Each panel traces one forward pass through the attention mechanism for the input “blue”. All vector directions are shown in a shared 2D PCA projection.

Step 1 — The embedding lookup gives a \(d\)-dimensional vector for “blue” (blue arrow). \(W_q\) projects it to the query \(Q\) (orange arrow). The direction changes: \(W_q\) is a learned rotation and scaling whose job is to point \(Q\) toward the right key.

Step 2 — \(Q\) (orange) is plotted alongside all 7 key vectors (gray). The matched key \(K[j]\) is the slot that “blue” attends to most. After training, \(Q\) and \(K[j]\) are nearly collinear — high dot product, low dot product with everything else.

Step 3 — Scaling by \(1/\sqrt{d}\) and applying softmax turns the raw scores into weights. A well-trained model produces a near-one-hot distribution: almost all weight on the single matched slot, near-zero everywhere else. The dashed line marks uniform (1/7) for reference.

Step 4 — Throughout, \(j\) denotes the matched slot: \(j = \arg\max_i \, \alpha_i\).

\(V \in \mathbb{R}^{7 \times d}\) is a free nn.Parameter matrix — a learned memory bank with one row per slot. Nothing in the architecture prescribes what those rows contain; they are initialized randomly and shaped entirely by gradient descent.

The context vector is:

\[\text{context} = \sum_{i=0}^{6} \alpha_i \, V_i\]

When \(\alpha\) is near-one-hot (Step 3), almost all weight is on slot \(j\), so nearly every other \(V_i\) is multiplied by \(\approx 0\). What survives is \(\approx V[j]\).

Why does \(V[j]\) encode “sky”? Cross-entropy loss. Every time “blue” is the input, the model attends to slot \(j\) and returns \(V[j]\) as context. The output linear layer then has to decode that context to a high logit for “sky”. If \(V[j]\) doesn’t support that decoding, the loss stays high and gradients push \(V[j]\) in a direction that does. \(K[j]\) and \(V[j]\) are separate parameters but they converge together: \(K[j]\) becomes the address that “blue” queries, \(V[j]\) becomes the content that decodes to the paired noun.

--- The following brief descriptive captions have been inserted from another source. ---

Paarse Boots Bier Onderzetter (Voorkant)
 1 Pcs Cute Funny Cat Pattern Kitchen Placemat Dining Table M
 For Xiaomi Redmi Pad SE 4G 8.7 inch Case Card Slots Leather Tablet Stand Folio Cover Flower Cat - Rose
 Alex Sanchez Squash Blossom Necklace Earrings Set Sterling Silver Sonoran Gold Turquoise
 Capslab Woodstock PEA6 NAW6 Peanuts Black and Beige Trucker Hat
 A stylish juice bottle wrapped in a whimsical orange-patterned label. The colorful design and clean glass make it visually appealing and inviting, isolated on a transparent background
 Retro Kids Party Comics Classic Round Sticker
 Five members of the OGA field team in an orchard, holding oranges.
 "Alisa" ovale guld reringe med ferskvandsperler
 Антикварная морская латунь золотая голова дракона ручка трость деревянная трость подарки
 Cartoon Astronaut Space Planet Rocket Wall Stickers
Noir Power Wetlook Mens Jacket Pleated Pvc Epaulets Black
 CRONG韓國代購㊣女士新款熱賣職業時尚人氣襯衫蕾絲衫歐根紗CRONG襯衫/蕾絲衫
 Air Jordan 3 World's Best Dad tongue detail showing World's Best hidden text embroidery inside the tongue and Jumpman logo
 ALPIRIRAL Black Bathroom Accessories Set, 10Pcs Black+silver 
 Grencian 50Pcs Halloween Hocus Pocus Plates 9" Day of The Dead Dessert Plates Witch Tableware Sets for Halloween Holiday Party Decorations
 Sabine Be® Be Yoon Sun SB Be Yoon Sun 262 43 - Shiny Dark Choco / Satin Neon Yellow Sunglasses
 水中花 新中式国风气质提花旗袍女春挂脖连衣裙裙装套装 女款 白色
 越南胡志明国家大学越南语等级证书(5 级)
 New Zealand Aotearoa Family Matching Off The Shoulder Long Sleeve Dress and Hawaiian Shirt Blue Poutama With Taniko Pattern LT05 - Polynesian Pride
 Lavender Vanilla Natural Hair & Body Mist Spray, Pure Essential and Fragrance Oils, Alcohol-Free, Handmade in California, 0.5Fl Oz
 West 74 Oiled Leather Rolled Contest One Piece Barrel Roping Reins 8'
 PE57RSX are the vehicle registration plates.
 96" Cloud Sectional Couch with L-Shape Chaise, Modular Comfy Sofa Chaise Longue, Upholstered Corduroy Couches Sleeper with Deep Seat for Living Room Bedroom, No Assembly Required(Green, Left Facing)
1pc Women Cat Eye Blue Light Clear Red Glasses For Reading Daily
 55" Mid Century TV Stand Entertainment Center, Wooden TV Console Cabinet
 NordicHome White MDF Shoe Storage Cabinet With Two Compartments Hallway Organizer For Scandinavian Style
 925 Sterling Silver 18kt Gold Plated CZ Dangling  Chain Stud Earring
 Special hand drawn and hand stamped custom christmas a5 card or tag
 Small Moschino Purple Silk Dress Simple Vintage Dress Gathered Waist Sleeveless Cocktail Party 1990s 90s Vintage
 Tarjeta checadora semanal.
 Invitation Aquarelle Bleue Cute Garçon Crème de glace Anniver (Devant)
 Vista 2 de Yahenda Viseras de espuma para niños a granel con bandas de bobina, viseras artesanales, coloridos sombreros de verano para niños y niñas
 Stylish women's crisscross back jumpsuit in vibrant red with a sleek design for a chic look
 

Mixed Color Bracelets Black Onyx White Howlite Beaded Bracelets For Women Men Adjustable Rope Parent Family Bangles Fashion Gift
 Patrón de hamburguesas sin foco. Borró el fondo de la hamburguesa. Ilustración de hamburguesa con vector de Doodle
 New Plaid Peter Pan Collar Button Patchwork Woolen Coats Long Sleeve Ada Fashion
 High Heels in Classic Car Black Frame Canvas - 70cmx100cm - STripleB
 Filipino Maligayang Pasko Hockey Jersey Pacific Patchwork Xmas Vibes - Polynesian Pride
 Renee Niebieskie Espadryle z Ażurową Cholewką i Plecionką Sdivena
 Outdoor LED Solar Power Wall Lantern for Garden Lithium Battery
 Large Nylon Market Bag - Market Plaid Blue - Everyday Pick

The two bars in the plot show that the retrieved context (orange) and \(V[j]\) (blue) are nearly identical — the cosine similarity in the title confirms it. The small residual comes from the non-zero weight on the other slots.

Takeaway

The main difference between attention and a regular linear layer is that attention is input-dependent. A linear layer applies the same weights regardless of input. Attention uses the input to generate a query first, then uses that query to decide what to retrieve.

In a full transformer, this runs across many heads and positions, with K and V derived from other tokens rather than stored as free parameters. But the computation — \(\text{softmax}(QK^\top / \sqrt{d})V\) — is the same.